Germany is an example of a country that faces a dramatic population aging and has a very large PAYG pension system. In the year 2003, public pensions amount to 13 percent of GDP. The PAYG pension benefits make up 80 to 85 percent of the retirement income of the average German household (see Börsch-Supan, Reil-Held, Schnabel 2001). The German pension Reform of 2001 will gradually reduce the net replacement rate of the public pension system from around 70 to 64 percent. Further reductions are inevitable given the severity of population aging. Parallel to the reduction of replacement rates, the reform of 2001 introduces a tax-preferred treatment of contributions to private pension plans. The German pension reform requires (among many other rules) a nominal capital guarantee for pension contributions, which is equivalent to a nominal zero percent return rule. The guarantee has to be met at the end of the accumulation phase. There are at least two motivations for this regulation. First, it is argued that uninformed consumers should be protected by a minimum return rule. Second, the downside risk of investment strategies is limited due to the welfare system which guarantees a minimum income at old age. This may encourage inefficiently risky investment strategies; a capital guarantee limits this moral hazard problem. In this chapter the costs of this capital guarantee in terms of final wealth levels and certainty equivalents for different degrees of risk aversion are assessed.
The costs of quantitative investment regulations have been the subject of much controversy in the literature (see Davis 2001a, 2001b). The requirement of a minimum return guarantee is one of the most widely discussed forms of regulating pension plans, especially in the light of recent reforms in Latin American countries which have switched to funded pension schemes (see Vittas 1998). The pension literature is divided regarding the benefit or harm associated with minimum return guarantees. For one, the issue of appropriate pricing of guarantees in terms of option pricing theory is controversial (see Fischer 1998). Moreover, if there are minimum guarantees and the portfolio choice is not restricted, the moral hazard problem might become very costly.

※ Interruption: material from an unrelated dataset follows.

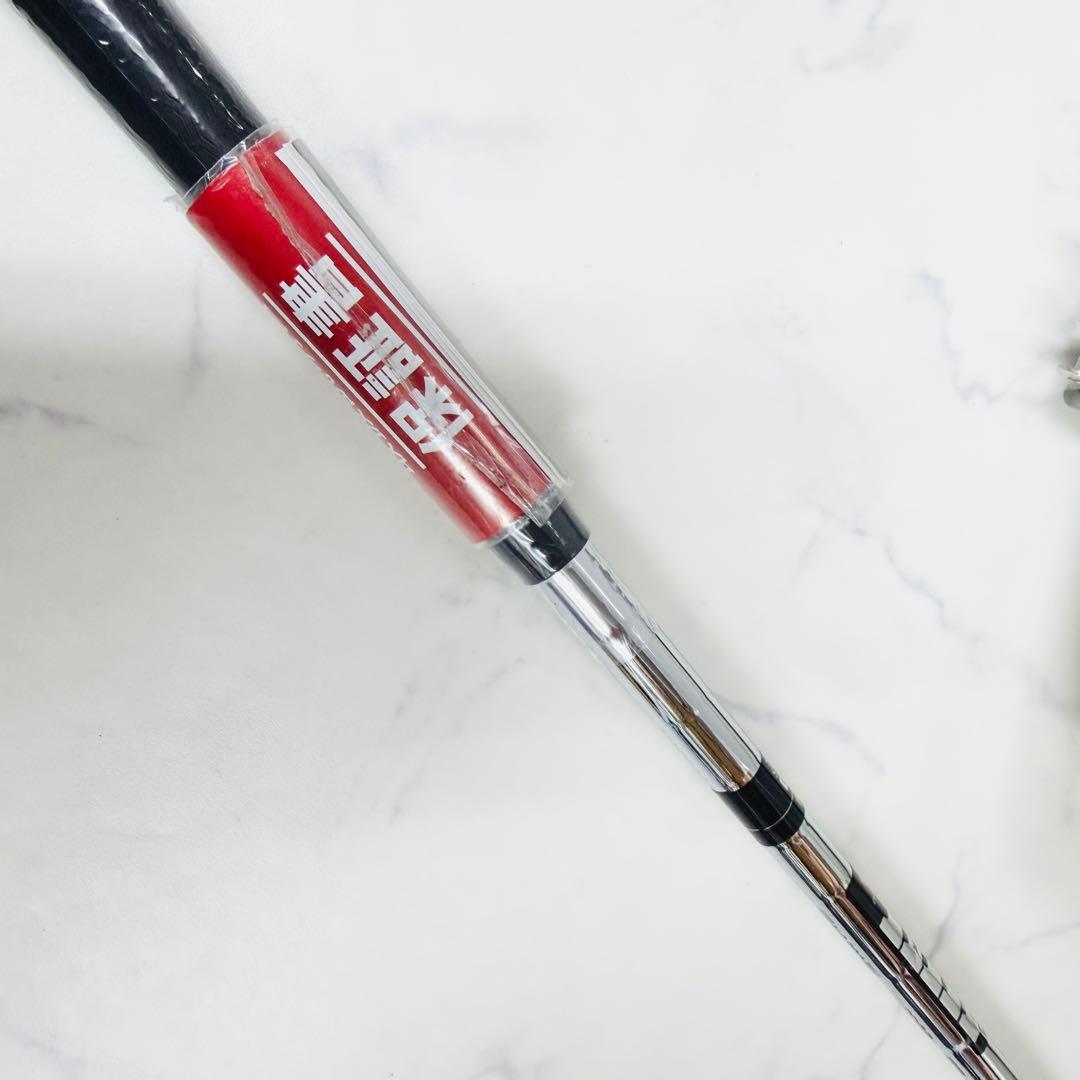 新品 PRGR egg PF 2017 純正スチール M40 7 — image 3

Smetters (2002) suggests guaranteeing a „standardized portfolio" and letting individuals carry the risk of choosing a non-standard portfolio. Furthermore, he proposes to tax portfolio returns in good states of the world and subsidize returns in bad states of the world. Jensen and Sorensen (2000) consider minimum return guarantees for pension plans in terms of an embedded put-option which the individual is forced to buy, thus, indirectly restricting the portfolio choice. They find that moderately risk averse investors suffer utility loss if forced to purchase such a guarantee.